The Great American Theme flourishing in recent film and fiction concerns the menopausal U.S. male who seems to be burdened by mortgages, a dismal sex life and fallen arches. This sad creature takes the holiday of his dreams, literally, combining hunting and fishing with other manly pursuits, e.g., rape, torture, kidnap and/or murder. Optional extras are sexual deviation, castration and severe mutilation, variously featured in such creations as James Dickey's Deliverance and David Osborn's more recent novel Open Season, a dreadful account of three top Detroit executives who each year put a man and a woman to death for sport. (Says the jacket blurb, a searing portrait "of America in the seventies.")
Irving Wallace has always been trendy. But in his latest package [The Fan Club] he has modestly chosen to limit himself to kidnaping and rape, perhaps because the good liberal in him balks at going further. (p. 100)
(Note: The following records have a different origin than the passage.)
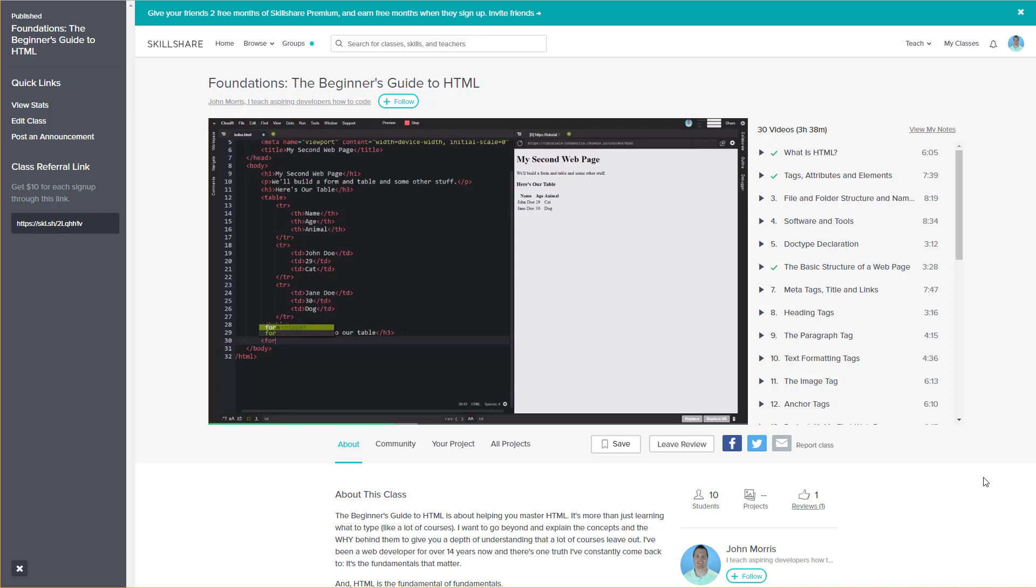As with most of my courses, this is more than just learning what to type. I want to go beyond and explain the concepts and the why behind them to give you a depth of understanding that a lot of courses simply leave out.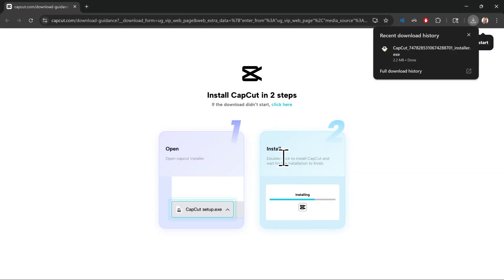And you'll run the installer here. Go ahead and run the installer to download the CapCut desktop app to your computer, and I'll meet you at the next step.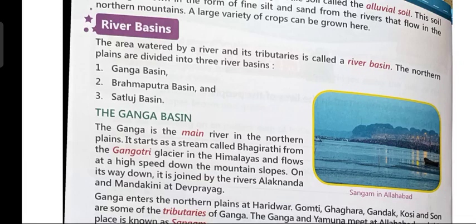Good morning children. In the last class, we learned about the three river basins of the northern plains: the Ganga Basin, Brahmaputra Basin, and the Satlaj Basin. Today in this class, we will learn in detail about the two basins — the Ganga Basin and the Brahmaputra Basin. Let us first read about the Ganga Basin.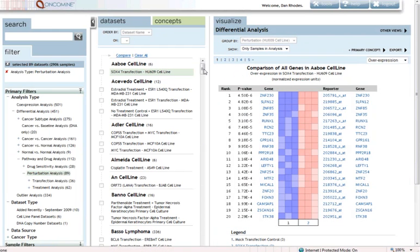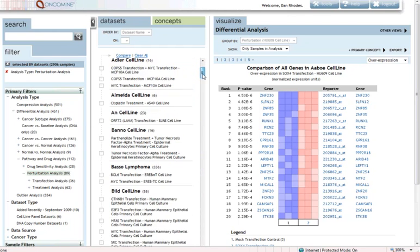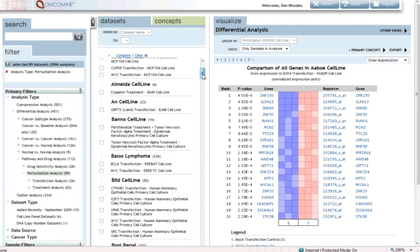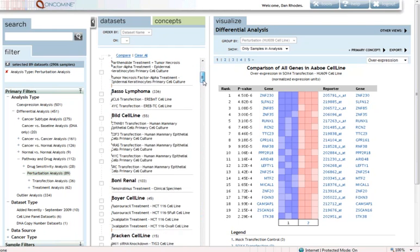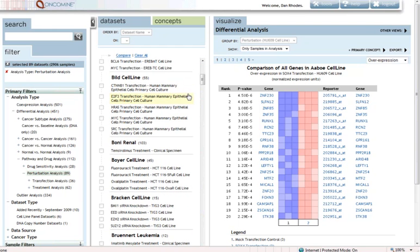Scrolling down this list, you see we've got a SOX4 transfection, we have estradiol treatments, we have MYC transfection, et cetera. You could browse this list, or you could search for the particular analyses of interest.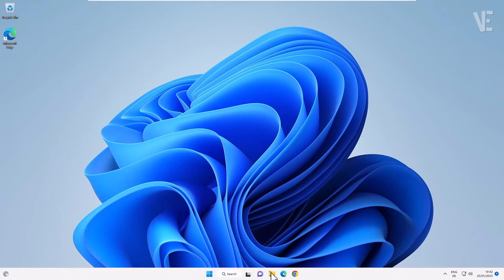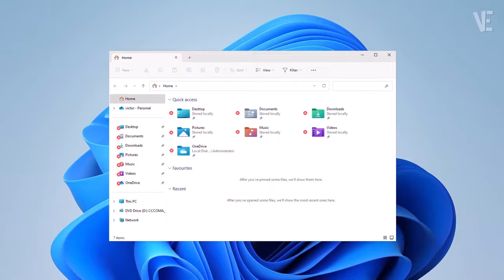Hi everyone, welcome to our channel. In today's video, we cover how to fix and remove the X sign red cross mark from folders and icons in Windows 11 and 10.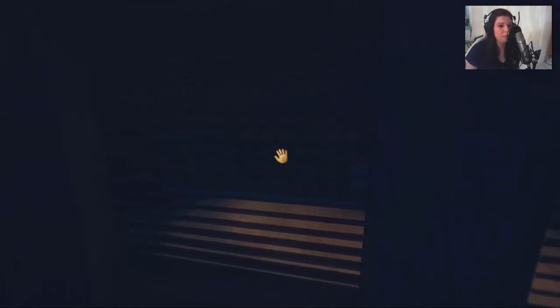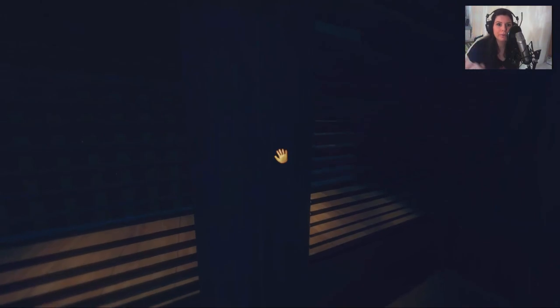Aber ich werd hier einen Cut machen und wir sehen uns im nächsten Part von Among the Sleep. Ich hoffe, es war für euch ein spannender erster Part für mich auf jeden Fall. Und ich freu mich auf den nächsten Part. Bis dann!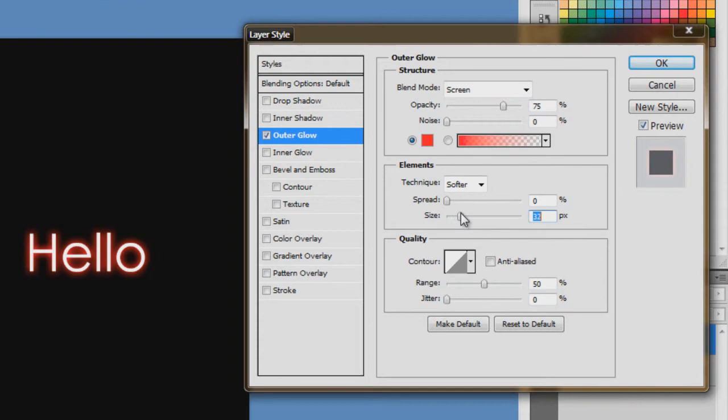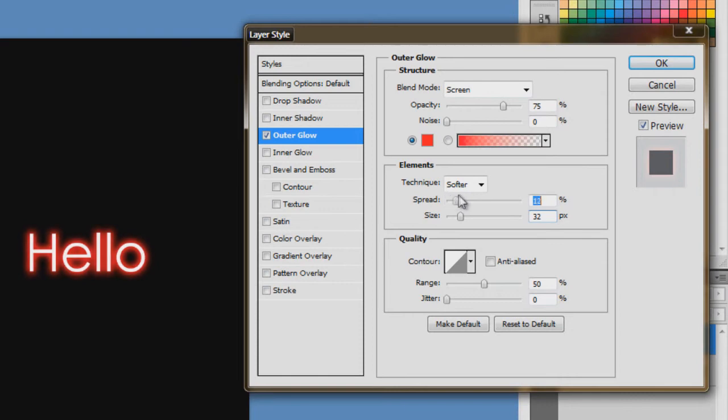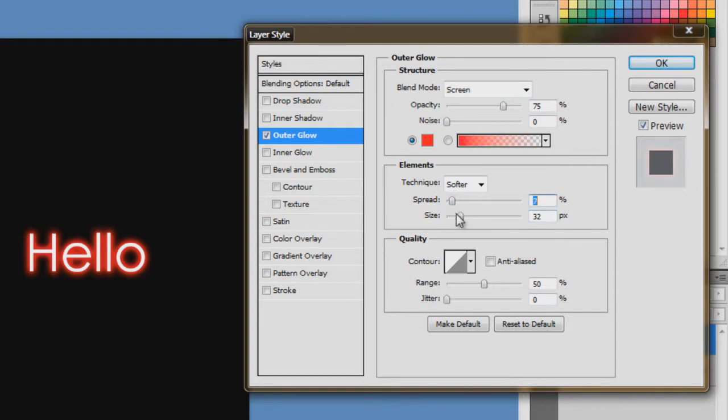Now here where it's spread, you can change the amount of glow that spreads out. So as you can see, you can experiment with all these settings until it looks pretty good to you.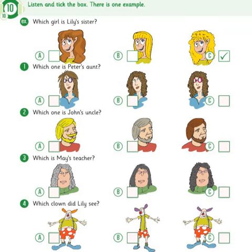2. Which one is John's uncle? My uncle is coming to see us this weekend. Is he tall and thin like your dad? Yes, and he has got fair hair. Has he got a beard? Yes, and a very funny mustache.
Wallace likes to call his books "novels of commitment," although commitment to what (other than the survival of the motion picture industry) is not always clear. In the past he has toiled through sex research in the suburbs, the inequities of book censorship, race and the presidency, a modern religious crisis, and the politics of the Nobel Prize. The fatty results of these labors are always an elaborate story line, with the action dictated by a clash of differing characters. The Fan Club has that kind of plot too, and the idea of a love goddess turned doughty liberationist is a nice embellishment. It is of course ridiculous, but that does not much matter in a book whose characters say things like "We don't have a chance to fulfill such a dream," and young Adam compares Sharon with something out of Christopher Marlowe while noting (always the writer) that the girl is clad in a "body-hugging knit blouse" and "abbreviated leather skirt."
A reasonably good time might be had by all readers who like that sort of grisly fun, were it not for yards of description: "Under the ornate iron chandelier that hung by chains from the center beam was a brown suede sofa opposite three plaid armchairs, with an underslung roughhewn wood table standing in for a coffee table." Not to mention Wallace's customary wallow in research. (pp. 100, E3)
Helen Rogan, "Something for the Boys," in Time (reprinted by permission from Time, The Weekly Newsmagazine; copyright Time, Inc.), April 15, 1974, pp. 100, E3.
Although Irving Wallace's "The R Document" has already been sold to the movies, the author of "The Man," "The Seven Minutes" and many other best sellers is a public spirited and print-oriented author at heart, at least this time out. Rather shorter at 383 pages than the usual Wallace effort, the book contains among its pages the better part of an introductory course in the U.S. Constitution, plus extended animadversions on such topics as the history of the F.B.I. under Hoover, the internment of Japanese Americans during World War II, the history of the company town in America, the Organized Crime Control Act of 1969 and the content and meaning of the Bill of Rights. Unfortunately for those who like fiction well-crafted, Wallace likes to deliver this information by having his characters tell it to each other, often quite in defiance of every elementary rule of what not to do with dialogue. In one scene the Chief Justice of the Supreme Court lectures the Attorney General on the first ten Amendments as if the Justice were a visitor from Mars who had never heard of them before. (p. 5)
Gene Lyons, in The New York Times Book Review (© 1976 by The New York Times Company; reprinted by permission), March 14, 1976.